Obbligo dell’Amministrazione di formare ex novo dati o estrapolazioni
Alla Corte è stato chiesto di determinare se l’Amministrazione fosse vincolata a rielaborare dati o costruire nuova documentazione (non già esistente).
Limiti al diritto di accesso in presenza di richieste sproporzionate o onerose
Ulteriore questione trattata è la possibilità di respingere l’accesso civico quando l’onere per l’Amministrazione si riveli eccessivo, anche alla luce del principio di buon andamento e delle direttive contenute nella giurisprudenza della Plenaria (Cons. Stato, Ad. Plen. n. 10/2020).
Ratio decidendi (Analisi giuridica)
Il TAR ha fondato la decisione sull’interpretazione dell’art. 5, comma 2 del d.lgs. 33/2013, che ha fornito la nota sentenza Cons. Stato, Ad. Plen., 2 aprile 2020, n. 10. Nella suddetta circostanza evidenziata nel 2020, il Consiglio di Stato ha ribadito che il diritto all’accesso civico generalizzato, pur riconosciuto come diritto fondamentale e non subordinato a un interesse diretto, deve essere esercitato nel rispetto dei canoni di buona fede e proporzionalità.
Il Collegio ha evidenziato come le istanze presentate non fossero riconducibili ad uno scopo di controllo sull’attività amministrativa o di partecipazione al dibattito pubblico, bensì a finalità private e professionali: acquisizione di prove per contenziosi contro le RSA. La totale uniformità delle istanze e la loro natura priva di personalizzazione rispetto alle strutture interpellate, confermerebbe l’intento strumentale.
Inoltre, il TAR ha condiviso le obiezioni delle Amministrazioni sulla non disponibilità immediata dei dati richiesti, rilevando che l’estrazione dei numeri dei positivi e dei protocolli adottati avrebbe comportato un’attività di elaborazione non prevista dalla normativa sull’accesso civico. Il carico di lavoro necessario sarebbe stato sproporzionato rispetto all’utilità dichiarata della richiesta.
La sentenza ha altresì richiamato un precedente del TAR Lazio (n. 1250/2025), confermando l’impossibilità di rendere accessibili dati non già formati e l’onere irragionevole che simili istanze imporrebbero all’Amministrazione.
Dispositivo e decisione finale
Il TAR Lombardia, sezione di Brescia ha rigettato tutti i ricorsi riuniti, riconoscendo la sussistenza di un abuso del diritto di accesso civico generalizzato e l’eccessivo onere delle richieste.
Implicazioni giuridiche e pratiche
Pur riaffermando il valore dell’accesso come strumento di trasparenza, il TAR delimita con chiarezza i suoi confini, escludendo che possa essere impiegato per finalità meramente private o professionali, specie in assenza di un interesse effettivo all’azione amministrativa.

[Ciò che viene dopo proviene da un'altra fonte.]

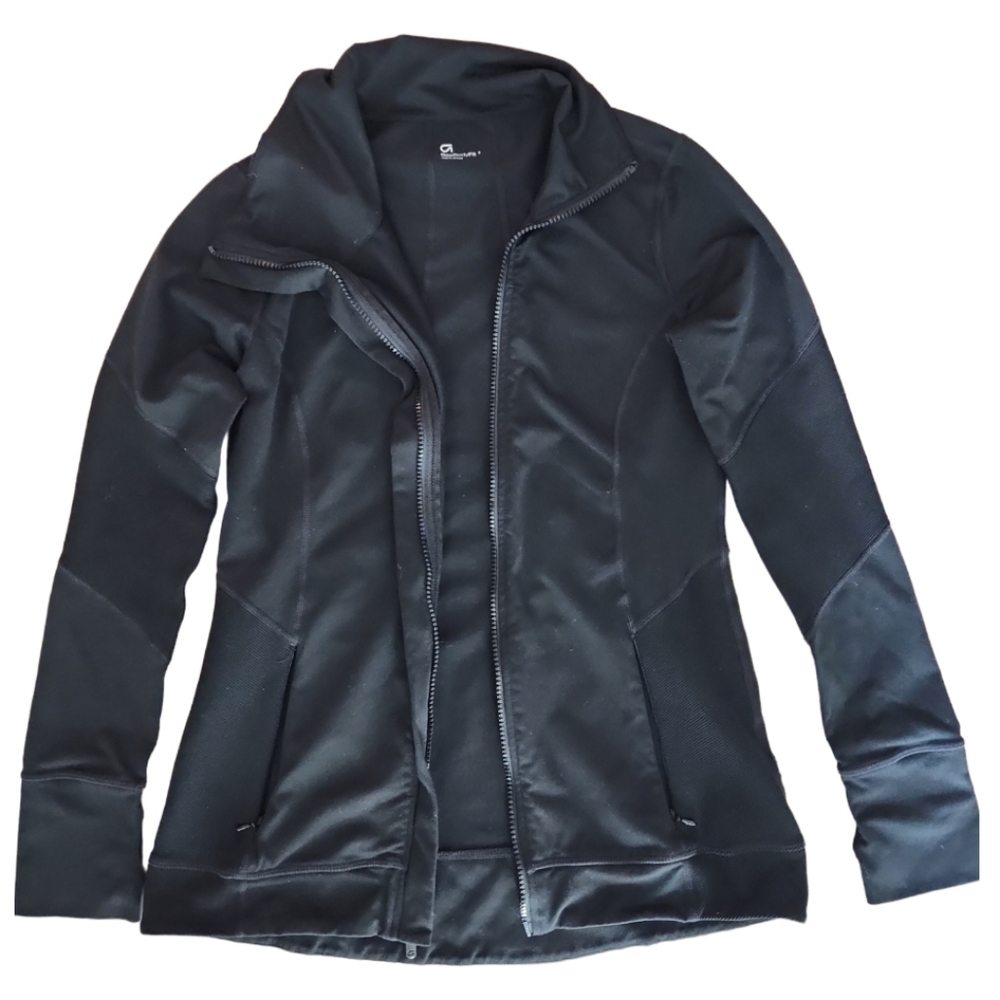 Gap Bodyfit Jacket with Thumb Sleeve, Size S Black Active Wear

Per gli Enti pubblici e i gestori di servizi accreditati, la decisione conferma la legittimità del diniego in presenza di richieste massive, generiche o sproporzionate, specie se riconducibili a finalità estranee alla trasparenza: la sentenza rafforza il diritto dell’Amministrazione a non elaborare ex novo dati non immediatamente disponibili. Per chi opera nel settore giuridico, il pronunciamento funge da monito contro un uso improprio del FOIA come strumento esplorativo pre-contenzioso.